## REQUIRED ACTION
Go to the line below containing "Clarion AX1 launch" and print exactly from there through the line containing "Handle 11 3D model_10", both included. Print nothing else.
§ §
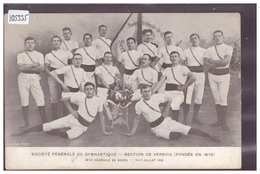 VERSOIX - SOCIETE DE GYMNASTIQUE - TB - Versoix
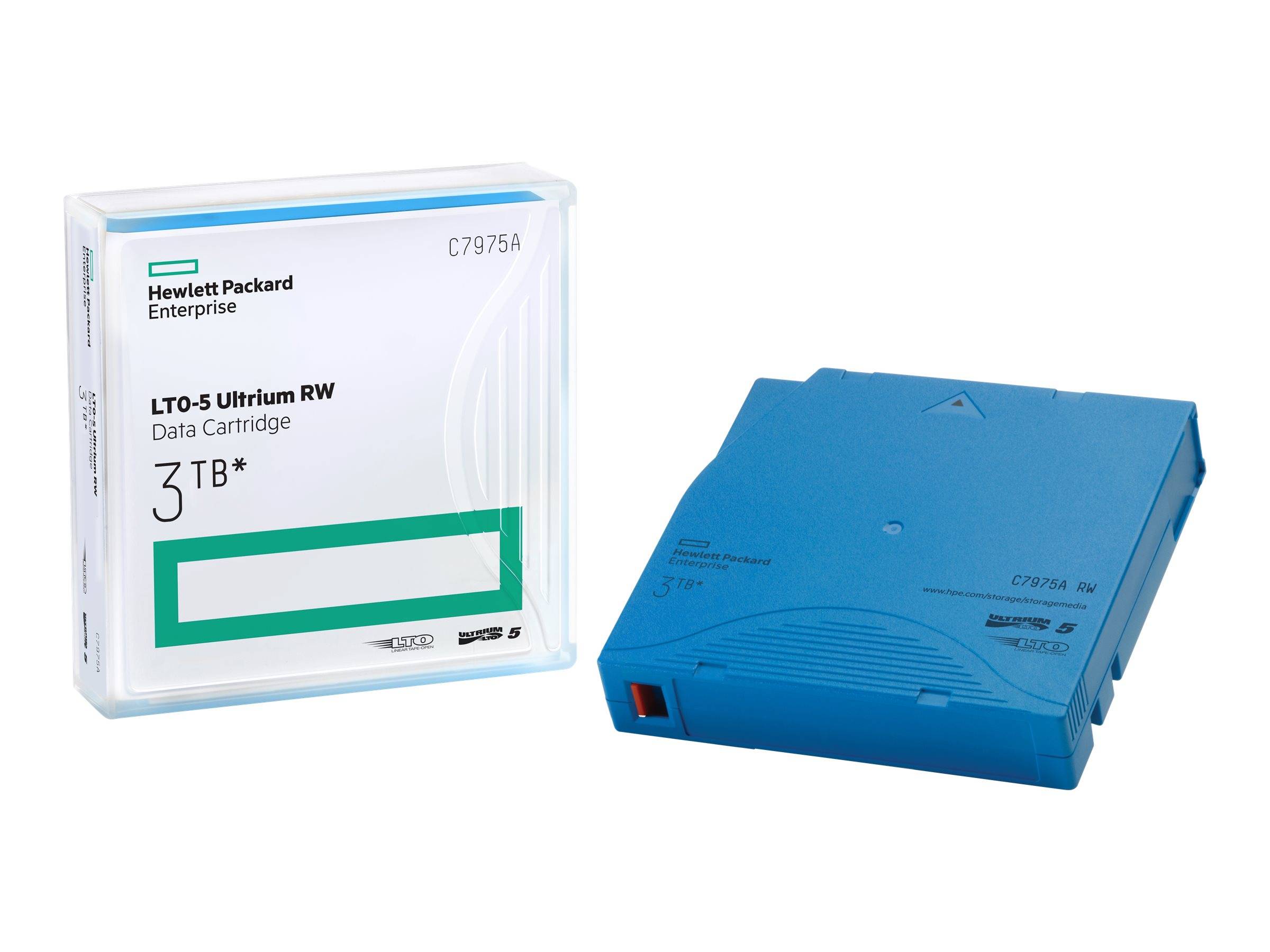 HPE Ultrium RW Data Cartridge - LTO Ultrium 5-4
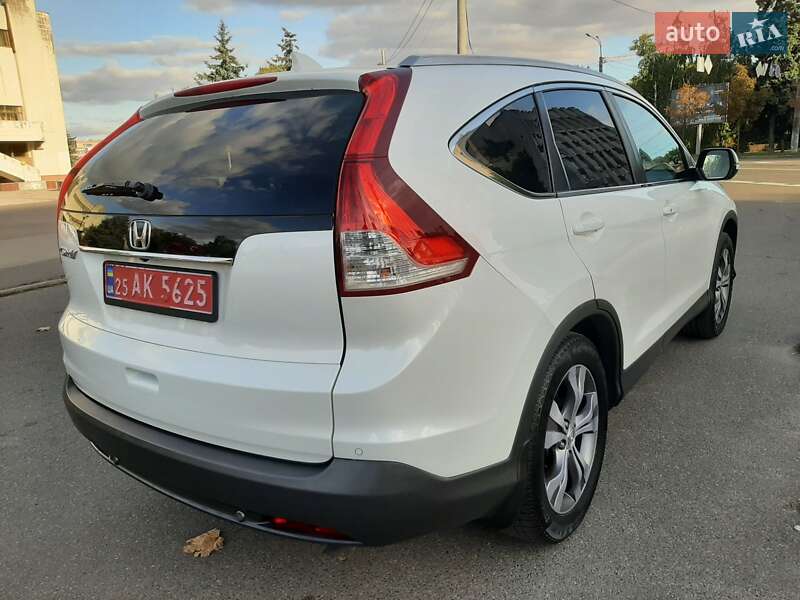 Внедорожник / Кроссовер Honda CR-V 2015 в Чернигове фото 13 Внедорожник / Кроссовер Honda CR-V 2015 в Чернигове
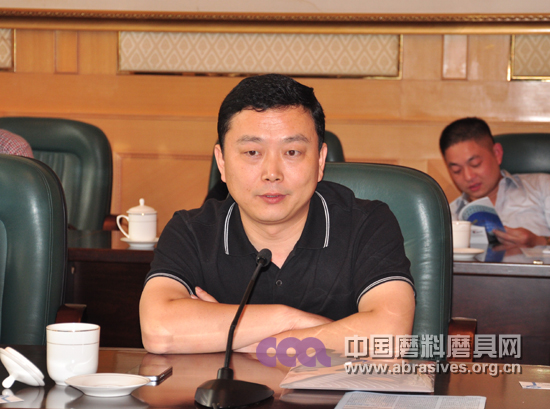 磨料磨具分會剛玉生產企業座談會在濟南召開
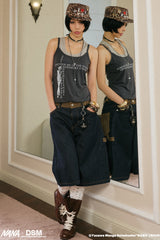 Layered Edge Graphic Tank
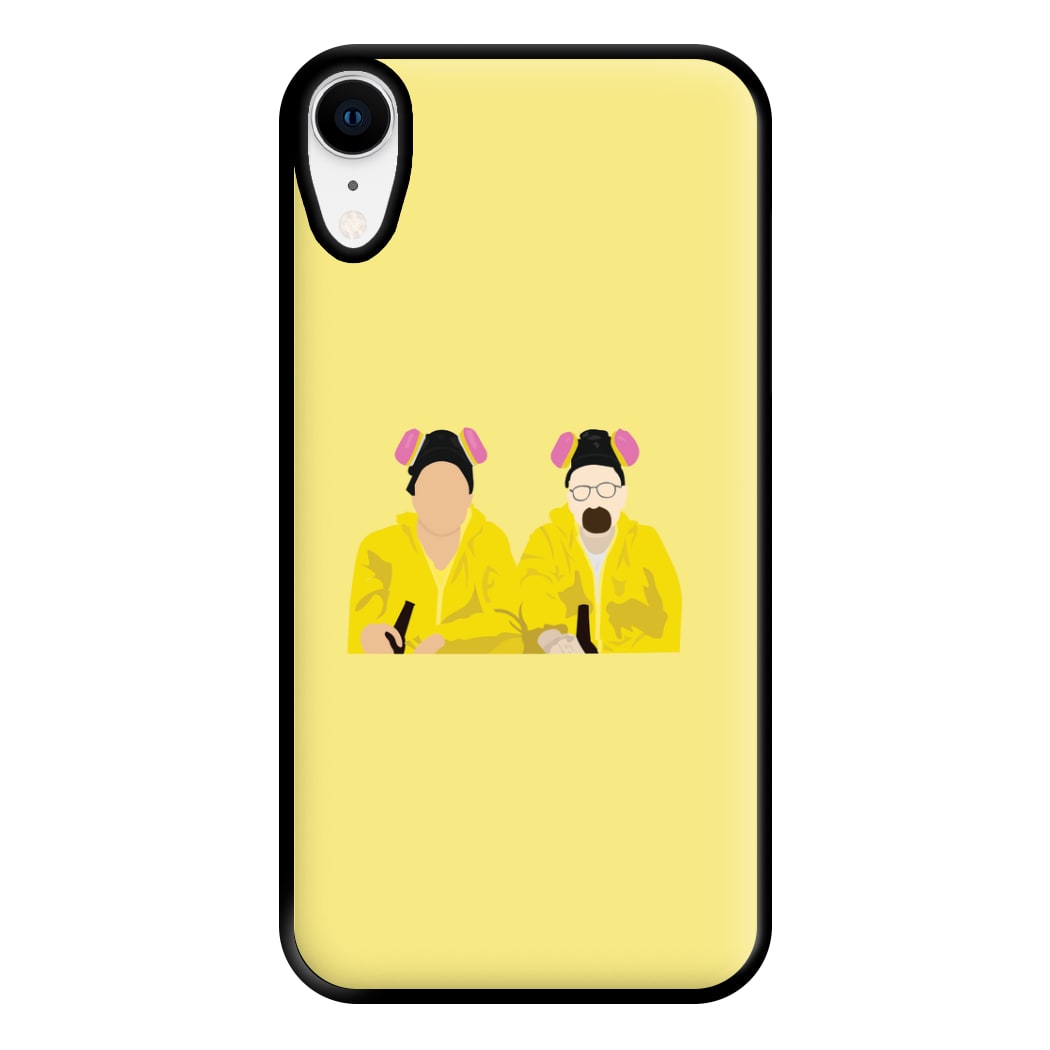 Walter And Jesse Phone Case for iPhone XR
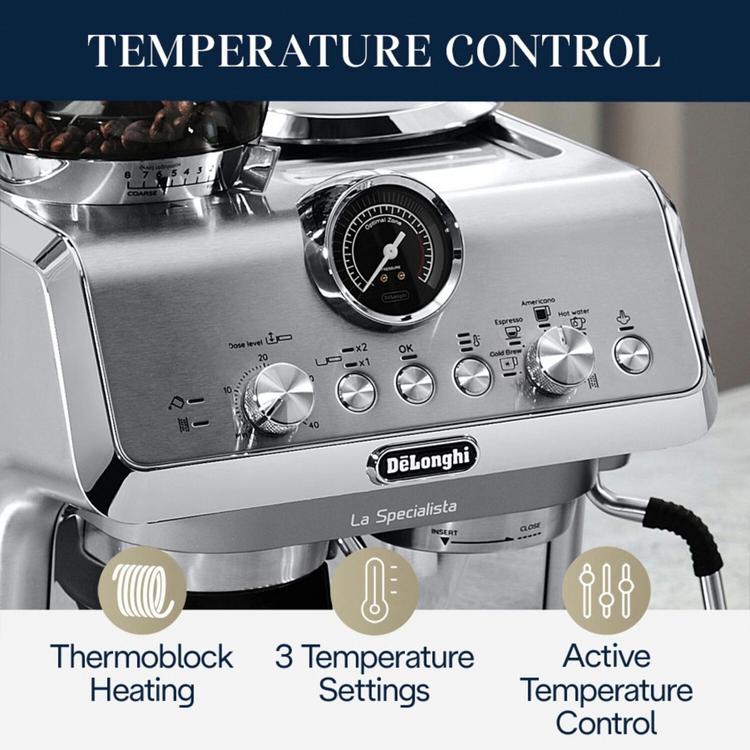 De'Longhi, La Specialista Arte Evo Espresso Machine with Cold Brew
§ §
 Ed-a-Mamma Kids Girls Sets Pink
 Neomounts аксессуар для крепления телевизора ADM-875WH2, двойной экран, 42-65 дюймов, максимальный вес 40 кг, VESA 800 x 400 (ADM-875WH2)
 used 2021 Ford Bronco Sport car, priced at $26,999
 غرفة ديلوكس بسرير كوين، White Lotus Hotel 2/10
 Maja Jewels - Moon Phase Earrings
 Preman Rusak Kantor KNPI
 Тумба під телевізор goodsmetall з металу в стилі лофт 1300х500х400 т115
§ §
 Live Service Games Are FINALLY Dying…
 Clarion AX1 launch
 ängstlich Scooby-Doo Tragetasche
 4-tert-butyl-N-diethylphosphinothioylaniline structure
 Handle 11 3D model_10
§ §
## ANSWER BOX
 Clarion AX1 launch
 ängstlich Scooby-Doo Tragetasche
 4-tert-butyl-N-diethylphosphinothioylaniline structure
 Handle 11 3D model_10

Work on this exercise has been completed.